Monday, January 13, 2014

WHISTLING IN THE DARK

(from kirkusreviews.com
by Megan Labrise)


James Magnuson photographed by Matt Valentine.


James Magnuson is the director of the prestigious Michener Center for Writers at the University of Texas. It’s a big job, and you’d be hard-pressed to select its most stressful charge. Each year he winnows over 1,000 applications down to 12. Then he’s got to lead classes that encourage and empower the young talent. And to top it all off, he has to pick up visiting writers at Austin-Bergstrom International Airport.

“Every fall and spring, I go to the airport to pick up some writer who I’ve probably never met,” says Magnuson. “I may have seen a photograph on the flap copy that could be quite old. As they come down the escalator I’m looking for someone who seems to be looking for me—and I thought, ‘Wow, what if I got the wrong person, you know?’ ”

A case of mistaken authorial identity is just one thrust of Magnuson’s side-splitting ninth novel, Famous Writers I Have Known. Frankie Abandonato is a small-time New York City conman on the run after witnessing a mob hit—an homage to classic hideout movies Sister Act and Some Like It Hot. Lucky for Frankie, he’s a dead ringer for V.S. Mohle, a reclusive writer recently coaxed into a lucrative teaching gig at a program endowed by Rex Schoeninger, his bestselling rival. Frankie and Mohle hold tickets for the same plane, but only one is greeted at the airport by three adulatory coeds, capisci?

While Frankie sets his eyes on the long con, defrauding Schoeninger of his many millions, he happily picks up a professor’s paycheck in the meantime. A born storyteller, he makes few missteps acquiring the MFA lingo: “One of my favorite bits was to flip through a manuscript and randomly pick out a word. ‘Take a look at page seven,’ I would say. ‘Three lines down. You see the word “ploddingly”? You need to go home tonight and spend an hour meditating on exactly what that means and I think the whole story will open up for you,” Magnuson writes. And: “ ‘Excellent point,’ I’d say. ‘I agree about the voice. Once you get the voice, you’re off and running.’ ” Famous Writers I Have Known becomes a blazing sendup of the literary-industrial complex as it explores the age-old question: Can writing be taught...by a conman?

A second question imbues the novel with some unexpected poignancy, that of a writer’s legacy. It’s no coincidence that Schoeninger bears a strikingmagnuson cover resemblance to the late James A. Michener, who gave his name and fortune to Magnuson’s place of employment. “I worked with James Michener the last 10 years of his life, and knew him well enough—you know the way writers observe each other. He put up a front as if literary reputation didn’t matter, but I think it really did. There were many in the literary community who would sniff at him either out of superior taste or just snobbery or envy, consider him nothing but a hack. So it was a poignant story, and some of the things in this book are pretty close to life,” says Magnuson.
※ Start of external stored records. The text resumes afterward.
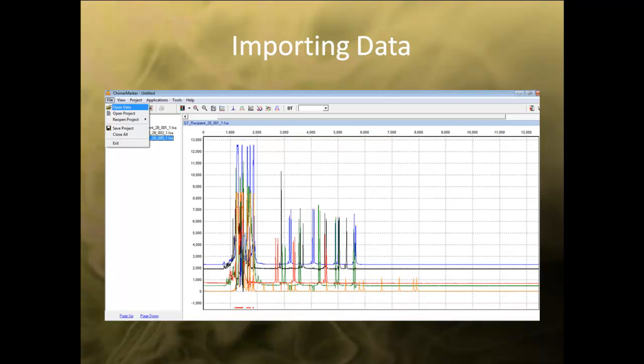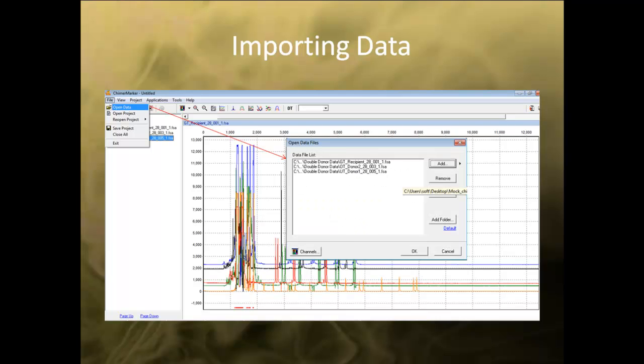To import data into ChimerMarker, use the file drop-down menu and select Open Data. In the dialog box, click the Add button to import samples into ChimerMarker. You can also remove files by selecting the sample and clicking Remove. After you have finished selecting your files, hit OK to begin the import.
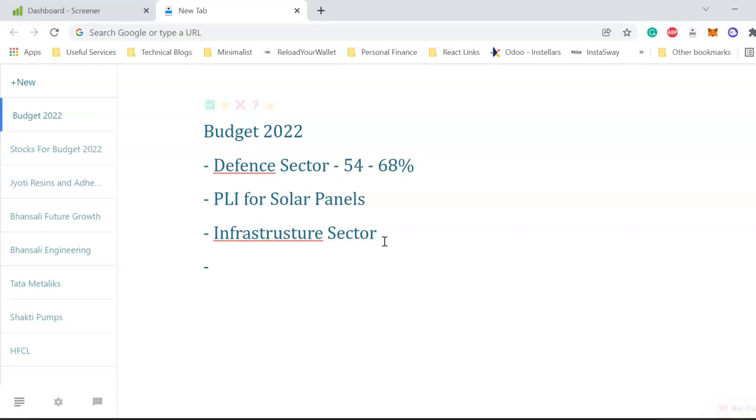Next sector - agriculture. Infrastructure was in every sector. Government didn't discuss anything directly to agricultural sector, but government wants to put more money in the rural economy by increasing the MSP. When they increase MSP, they directly target agri sector.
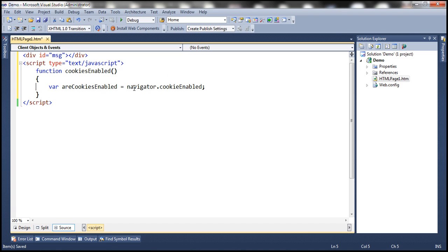However, there are certain old versions of browsers which don't support this property. To cater for those browsers, we're going to write a test cookie and then read that test cookie again. If we can successfully read that test cookie, then we know that cookies are enabled, otherwise they are disabled.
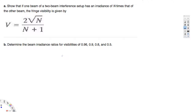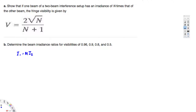Let's look at this problem. The question asks: show that if one beam of a two-beam interference setup has an irradiance of n times that of the other beam, the fringe visibility is given by V = 2√n / (n + 1). We are going to show this. From the given information, we know that I1 = n × I2.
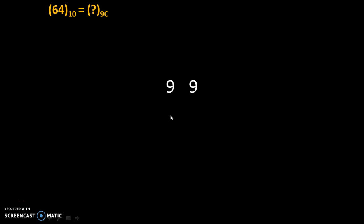So 99 minus 64. 9 minus 4 is 5 and 9 minus 6 is 3. Therefore, this will become the 9th complement of 64.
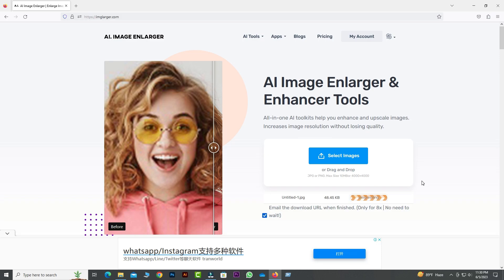excellent image quality and powerful image enlargement capabilities make it a valuable tool for photographers, graphic designers, and anyone who wants to improve their images. Don't forget to check the links in the description below to try Imglarger for yourself.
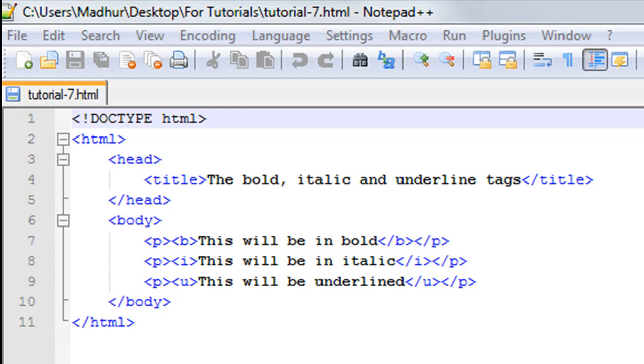Hello guys, welcome to my channel. This is the seventh tutorial in this course, and in this tutorial we'll be checking out the bold, italic, and underlined tags in HTML. As you can see, I have a file opened.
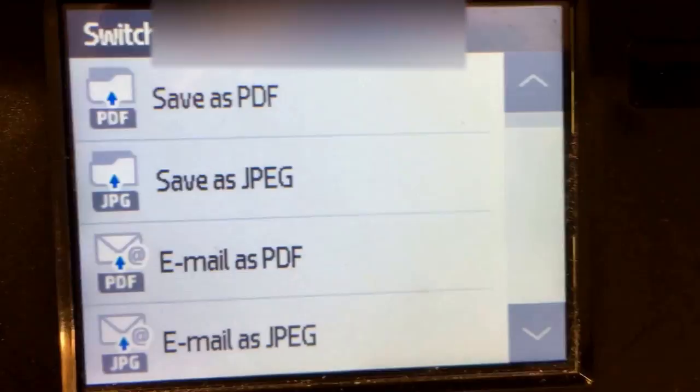If you do save as PDF, you can see all the choices you have: save as PDF, save as JPEG, email.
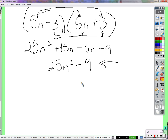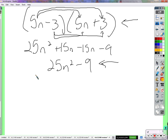The reason why that's pertinent to today is we're going to be factoring stuff like that. 25n squared — notice 25 is a square number, n is a square, and 9 is a square number. They're subtracted — as we call it, a difference of squares. It's not the first time we've seen a difference of squares. We're going to keep talking about how we can recognize the special difference of squares pattern and use it to factor these things.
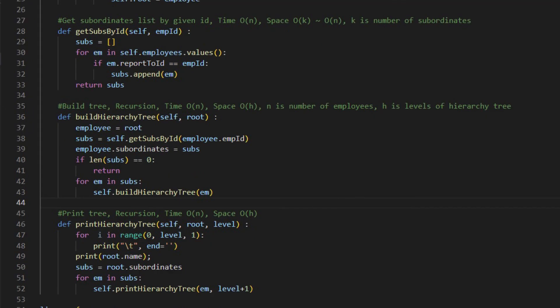The next function is get subordinates by ID. This function will be called to get subordinates for any given employee ID. The for loop loops through all items in employee HashMap and compares the report to ID with the given ID.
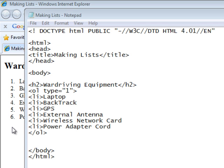So remember, one is for Arabic numerals, I for Roman numerals, and A for your letters. And I and A are case sensitive, depending upon if you want uppercase or lowercase numbering.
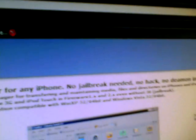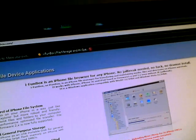The website you'll want to go to is ifunbox.com. As you can read here, iFunbox is an iPhone file browser for any iPhone. Maybe it works for the 3GS. No jailbreak needed, no hack. This also works for iPods.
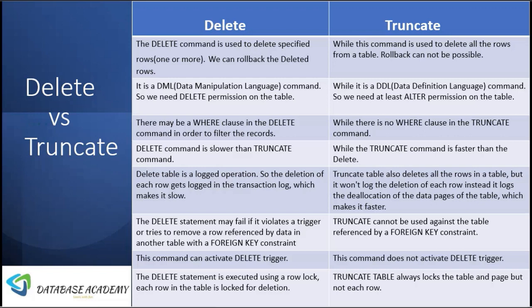DELETE is a logged operation — when we delete records from the table, it is actually logged in the transactional log table, which makes it slower. In TRUNCATE, it also deletes all records from the table, but it is not logged in the transaction log table. Instead, it deallocates the data pages of the table, which makes it faster.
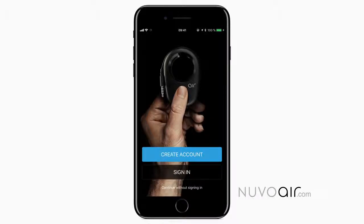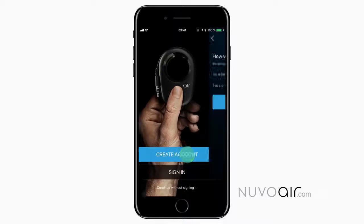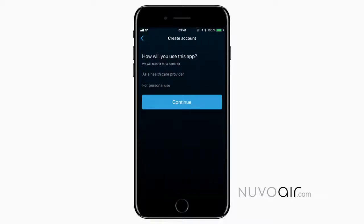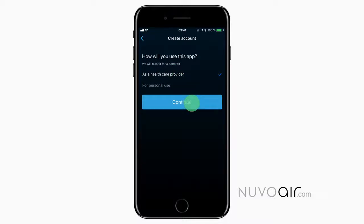Welcome to this brief demonstration of the AirSmart Spirometer app from Nouveau Air. Version 2.0 brings many improvements and is available on Android and iPhone. The first time you open the app, you are asked to create an account. Select if you will use the app as a healthcare provider or for personal use.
While Michener/Schoeninger isn’t entirely spared, neither is Magnuson, self-parodied in the form of program director Wayne, who has a sad collection of remaindered novels on his office shelf. “I have that, too, just because someone once let the washing machine overflow, and I had to take them out of my basement. A mark of total disgrace, your remaindered novels on the shelf—Wayne is me making terrible fun of myself,” says Magnuson.

Wayne worries about his own legacy in earnest: “I didn’t become a writer so I could end up directing a writing program. I did it because I thought that one day I would create something great, something that would endure,” Wayne laments. But Magnuson’s experience has led to a more clear-eyed view regarding the eternal life of fiction. “It’s classic whistling in the dark because few things outlive you. Even someone like Michener,” Magnuson says. Michener’s books once filled shelves at bookstores. Now maybe four of his novels still sell well. “But it’s a great dream and pushes you every day to do better, to write better. When you’re a writer you have to be your own cut man. You have to wipe off your own face with a big sponge,” he says.